In 1906 and ’08, The Gibbs Sisters of Syracuse, Marjorie and Lula, played Legg Hall for the benefit of the local firemen. The young girls were known for their buck and wing dancing, a minstrel style that included elements of clog dancing, high kicks, and steps such as the shuffle and slide. The sisters also performed a sand dance, more of a soft shoe, sprinkling sand on the floor to make turns and steps more fluid. The duo regularly received rave reviews:
“The Gibbs sisters – Margie and Lulu – tots about 9 or 10 years of age – simply captured the audience with their singing and dancing, their sand dance being particularly good.” — Acadian Recorder, Halifax, Nova Scotia, July 11, 1905
“The singing and buck and wing dancing by the Gibbs Sisters met the approval of those present, and they were obliged to respond to several encores.” – The Rome Daily Sentinel, December 1905
“The Gibbs Sisters, clever juvenile buck and wing dancers, made a pronounced hit with the audience, and received no end of applause and also bouquets of flowers. They sang sweetly and danced with spirit and precision.” – Syracuse Post-Standard, March 1906
At Legg Hall, they “gave universal satisfaction.”

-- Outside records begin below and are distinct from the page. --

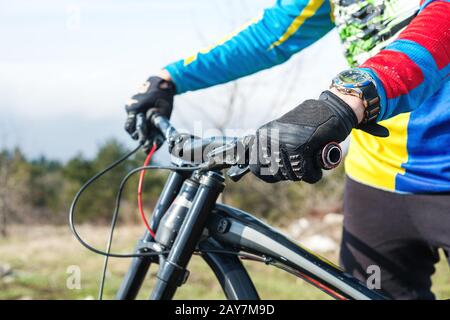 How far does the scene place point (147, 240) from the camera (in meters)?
1.91

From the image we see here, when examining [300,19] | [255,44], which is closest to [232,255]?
[255,44]

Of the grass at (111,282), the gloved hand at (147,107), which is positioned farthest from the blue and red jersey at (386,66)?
the grass at (111,282)

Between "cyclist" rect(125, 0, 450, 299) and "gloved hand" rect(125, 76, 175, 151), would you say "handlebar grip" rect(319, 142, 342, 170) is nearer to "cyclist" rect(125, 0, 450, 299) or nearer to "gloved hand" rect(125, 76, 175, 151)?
"cyclist" rect(125, 0, 450, 299)

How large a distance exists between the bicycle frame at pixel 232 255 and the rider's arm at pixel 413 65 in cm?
59

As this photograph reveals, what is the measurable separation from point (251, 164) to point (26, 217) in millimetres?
40119

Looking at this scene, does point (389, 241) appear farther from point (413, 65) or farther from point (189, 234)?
point (413, 65)

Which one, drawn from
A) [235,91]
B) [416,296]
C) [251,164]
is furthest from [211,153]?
[235,91]

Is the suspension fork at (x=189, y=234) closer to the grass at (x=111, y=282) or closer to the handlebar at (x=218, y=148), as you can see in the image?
the handlebar at (x=218, y=148)

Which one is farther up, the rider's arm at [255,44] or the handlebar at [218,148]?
the rider's arm at [255,44]

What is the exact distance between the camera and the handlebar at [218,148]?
1.27 m

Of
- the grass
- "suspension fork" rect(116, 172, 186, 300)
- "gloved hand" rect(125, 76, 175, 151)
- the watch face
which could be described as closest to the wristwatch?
the watch face

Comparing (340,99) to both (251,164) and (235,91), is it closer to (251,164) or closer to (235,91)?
(251,164)

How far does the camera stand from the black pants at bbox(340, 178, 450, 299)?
6.85 ft

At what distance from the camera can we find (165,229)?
1.77 m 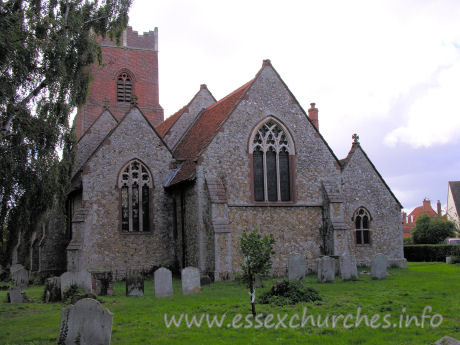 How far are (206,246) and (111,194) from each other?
16.6ft

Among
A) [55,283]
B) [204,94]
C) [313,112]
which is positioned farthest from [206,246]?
[313,112]

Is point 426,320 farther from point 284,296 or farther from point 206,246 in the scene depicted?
point 206,246

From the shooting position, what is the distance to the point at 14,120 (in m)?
13.2

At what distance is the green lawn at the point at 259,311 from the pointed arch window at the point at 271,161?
5.82m

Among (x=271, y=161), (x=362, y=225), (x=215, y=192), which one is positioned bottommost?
(x=362, y=225)

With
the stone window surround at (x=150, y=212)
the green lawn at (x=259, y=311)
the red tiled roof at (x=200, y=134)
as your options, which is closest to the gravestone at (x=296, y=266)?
the green lawn at (x=259, y=311)

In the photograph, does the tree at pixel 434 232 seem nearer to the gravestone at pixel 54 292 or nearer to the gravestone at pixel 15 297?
the gravestone at pixel 54 292

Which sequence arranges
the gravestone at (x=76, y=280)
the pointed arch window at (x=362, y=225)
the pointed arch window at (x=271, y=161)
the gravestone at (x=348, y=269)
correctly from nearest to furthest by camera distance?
the gravestone at (x=76, y=280) < the gravestone at (x=348, y=269) < the pointed arch window at (x=271, y=161) < the pointed arch window at (x=362, y=225)

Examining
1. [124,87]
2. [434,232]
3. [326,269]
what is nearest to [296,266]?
[326,269]

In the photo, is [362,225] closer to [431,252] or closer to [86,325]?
[431,252]

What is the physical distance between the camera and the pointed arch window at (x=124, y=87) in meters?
34.9

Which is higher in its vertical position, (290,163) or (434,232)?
(290,163)

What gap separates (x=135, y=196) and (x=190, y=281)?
7615 millimetres

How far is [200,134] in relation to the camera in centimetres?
2309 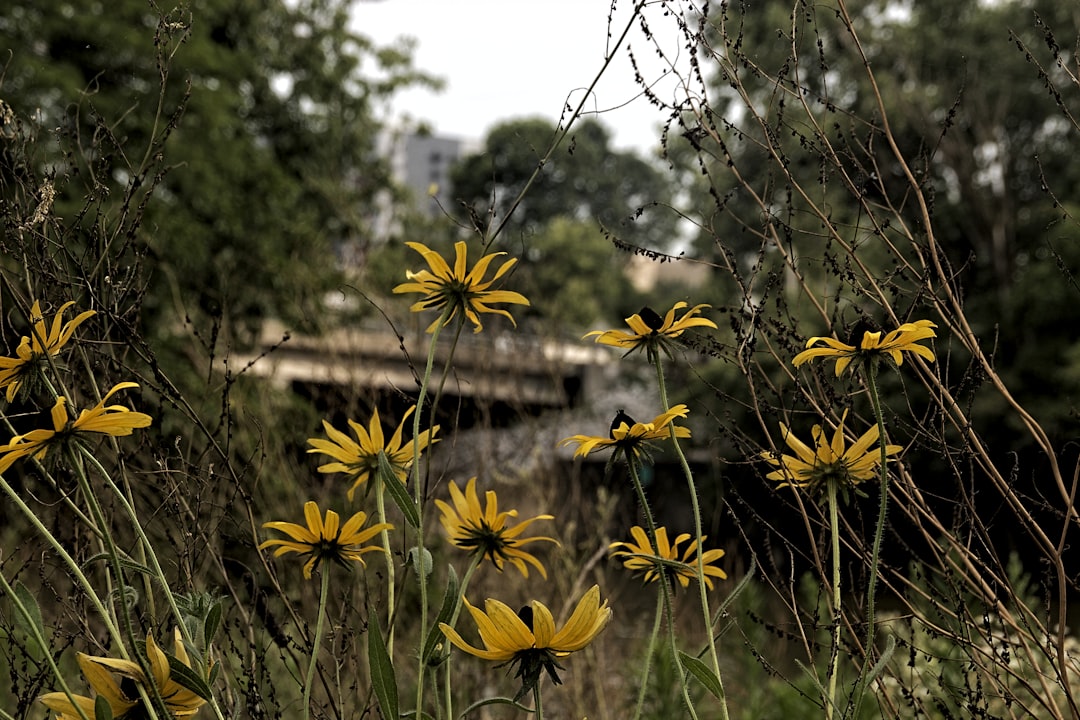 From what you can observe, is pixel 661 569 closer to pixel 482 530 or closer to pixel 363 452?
pixel 482 530

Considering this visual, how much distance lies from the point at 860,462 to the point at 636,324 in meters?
0.28

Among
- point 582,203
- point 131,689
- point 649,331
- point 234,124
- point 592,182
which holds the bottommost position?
point 131,689

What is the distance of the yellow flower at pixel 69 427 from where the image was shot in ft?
2.95

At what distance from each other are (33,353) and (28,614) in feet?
0.86

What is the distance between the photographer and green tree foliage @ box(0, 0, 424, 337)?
815 cm

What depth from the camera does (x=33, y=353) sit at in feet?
3.37

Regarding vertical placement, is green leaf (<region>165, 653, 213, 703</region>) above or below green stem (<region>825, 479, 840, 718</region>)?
below

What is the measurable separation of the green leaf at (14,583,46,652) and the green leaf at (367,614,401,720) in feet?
0.94

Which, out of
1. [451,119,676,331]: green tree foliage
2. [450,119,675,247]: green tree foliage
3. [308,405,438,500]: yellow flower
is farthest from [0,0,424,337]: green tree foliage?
[450,119,675,247]: green tree foliage

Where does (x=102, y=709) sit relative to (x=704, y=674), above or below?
below

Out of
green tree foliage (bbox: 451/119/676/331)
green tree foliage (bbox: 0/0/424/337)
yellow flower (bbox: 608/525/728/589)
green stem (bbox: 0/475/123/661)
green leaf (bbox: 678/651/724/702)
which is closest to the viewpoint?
green stem (bbox: 0/475/123/661)

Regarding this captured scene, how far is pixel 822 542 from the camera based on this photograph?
55.7 inches

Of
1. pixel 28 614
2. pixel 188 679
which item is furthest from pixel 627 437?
pixel 28 614

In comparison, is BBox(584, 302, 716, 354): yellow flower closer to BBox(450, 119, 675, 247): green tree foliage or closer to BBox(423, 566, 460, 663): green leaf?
BBox(423, 566, 460, 663): green leaf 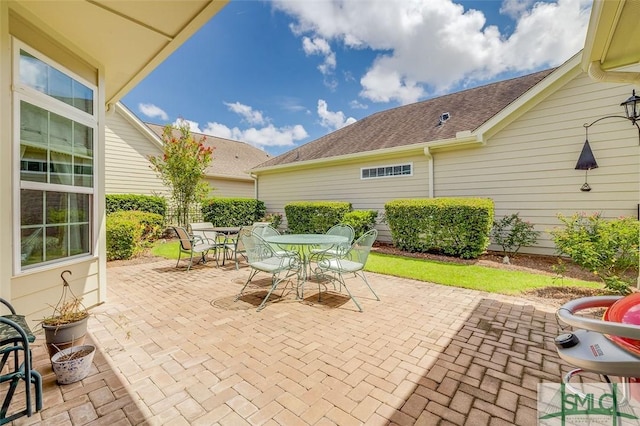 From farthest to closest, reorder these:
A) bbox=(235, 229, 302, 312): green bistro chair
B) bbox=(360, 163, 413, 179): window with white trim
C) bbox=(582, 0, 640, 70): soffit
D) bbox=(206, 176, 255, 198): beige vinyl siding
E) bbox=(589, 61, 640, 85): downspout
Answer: bbox=(206, 176, 255, 198): beige vinyl siding → bbox=(360, 163, 413, 179): window with white trim → bbox=(235, 229, 302, 312): green bistro chair → bbox=(589, 61, 640, 85): downspout → bbox=(582, 0, 640, 70): soffit

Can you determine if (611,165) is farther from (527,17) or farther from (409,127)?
(409,127)

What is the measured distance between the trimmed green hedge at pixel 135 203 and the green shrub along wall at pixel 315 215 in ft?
18.5

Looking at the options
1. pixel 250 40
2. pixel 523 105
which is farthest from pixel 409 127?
pixel 250 40

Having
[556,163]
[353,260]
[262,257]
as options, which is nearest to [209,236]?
[262,257]

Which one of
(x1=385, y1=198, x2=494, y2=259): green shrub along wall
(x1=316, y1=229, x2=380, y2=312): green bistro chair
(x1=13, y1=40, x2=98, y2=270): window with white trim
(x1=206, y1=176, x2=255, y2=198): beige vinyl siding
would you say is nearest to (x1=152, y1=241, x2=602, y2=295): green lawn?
(x1=385, y1=198, x2=494, y2=259): green shrub along wall

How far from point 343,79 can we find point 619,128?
10208 mm

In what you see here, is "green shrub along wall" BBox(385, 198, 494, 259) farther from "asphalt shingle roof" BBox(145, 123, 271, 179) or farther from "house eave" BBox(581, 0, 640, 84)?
"asphalt shingle roof" BBox(145, 123, 271, 179)

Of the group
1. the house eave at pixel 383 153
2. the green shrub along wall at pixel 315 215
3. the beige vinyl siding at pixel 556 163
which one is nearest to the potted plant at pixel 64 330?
the beige vinyl siding at pixel 556 163

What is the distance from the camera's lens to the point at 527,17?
25.1ft

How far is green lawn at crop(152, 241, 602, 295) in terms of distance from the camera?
4.85 metres

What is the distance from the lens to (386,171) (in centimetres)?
947

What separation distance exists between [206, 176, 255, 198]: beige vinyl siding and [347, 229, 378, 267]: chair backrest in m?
12.0

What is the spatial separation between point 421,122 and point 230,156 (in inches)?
490

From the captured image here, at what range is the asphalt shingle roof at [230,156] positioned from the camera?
15.7m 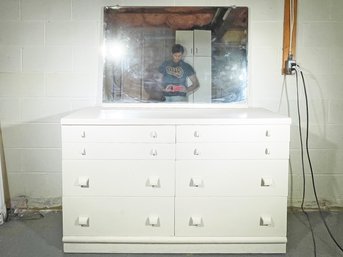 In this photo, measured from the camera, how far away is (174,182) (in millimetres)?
2268

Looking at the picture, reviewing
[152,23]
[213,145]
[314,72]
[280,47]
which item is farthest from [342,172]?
[152,23]

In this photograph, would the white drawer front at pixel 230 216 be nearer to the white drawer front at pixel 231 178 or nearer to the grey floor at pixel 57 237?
the white drawer front at pixel 231 178

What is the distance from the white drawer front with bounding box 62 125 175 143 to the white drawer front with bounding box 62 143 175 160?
30mm

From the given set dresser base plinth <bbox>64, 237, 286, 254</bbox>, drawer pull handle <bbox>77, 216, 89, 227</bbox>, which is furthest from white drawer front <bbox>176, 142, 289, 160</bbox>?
drawer pull handle <bbox>77, 216, 89, 227</bbox>

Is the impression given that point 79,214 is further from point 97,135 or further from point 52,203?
point 52,203

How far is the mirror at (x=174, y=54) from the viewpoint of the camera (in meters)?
2.89

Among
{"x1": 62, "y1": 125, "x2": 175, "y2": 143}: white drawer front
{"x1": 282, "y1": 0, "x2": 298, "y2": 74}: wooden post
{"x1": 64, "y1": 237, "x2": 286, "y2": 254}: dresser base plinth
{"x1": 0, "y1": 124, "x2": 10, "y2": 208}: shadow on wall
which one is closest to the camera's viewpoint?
{"x1": 62, "y1": 125, "x2": 175, "y2": 143}: white drawer front

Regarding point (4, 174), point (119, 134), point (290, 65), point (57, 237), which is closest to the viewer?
point (119, 134)

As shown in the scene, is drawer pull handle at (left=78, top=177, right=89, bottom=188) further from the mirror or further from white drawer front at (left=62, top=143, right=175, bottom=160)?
the mirror

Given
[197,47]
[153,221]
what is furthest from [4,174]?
[197,47]

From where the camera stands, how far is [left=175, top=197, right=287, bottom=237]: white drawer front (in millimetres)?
2285

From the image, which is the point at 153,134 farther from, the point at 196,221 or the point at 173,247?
the point at 173,247

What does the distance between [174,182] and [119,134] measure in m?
0.43

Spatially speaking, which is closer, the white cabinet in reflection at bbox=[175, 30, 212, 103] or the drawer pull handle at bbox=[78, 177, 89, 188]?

Note: The Gibbs Sisters of Syracuse are not to be confused with Myrtle and Mattie Gibbs, who also toured in vaudeville, or Mary and Margaret Gibb, born in 1912, “America’s Siamese Twins,” who had a career in vaudeville and as a sideshow attraction.
In July of 1901, Gorton’s Minstrels appeared at Legg Hall. On the road since 1867, they had gone coast to coast 16 times, had been shipwrecked and nearly drowned off the coast of Prince Edward Island and parched in the blazing sun of the Yuma Desert. An 1898 account from a California newspaper describes the company of musicians and comedians who found their way to Skaneateles:
“The claim is made that now, and for very many years, this has been the only troupe giving old-time and genuine negro minstrel performances. It is represented that the ‘Gold Sextet’ is a feature of the troupe equaled by no other organization. It has comedians, specialists, solo vocalists and solo instrumentalists of a superior order. The troupe is composed of white men entirely, who, it is conceded, give negro minstrelsy better than colored men, though there are some excellent colored troupes in the country.”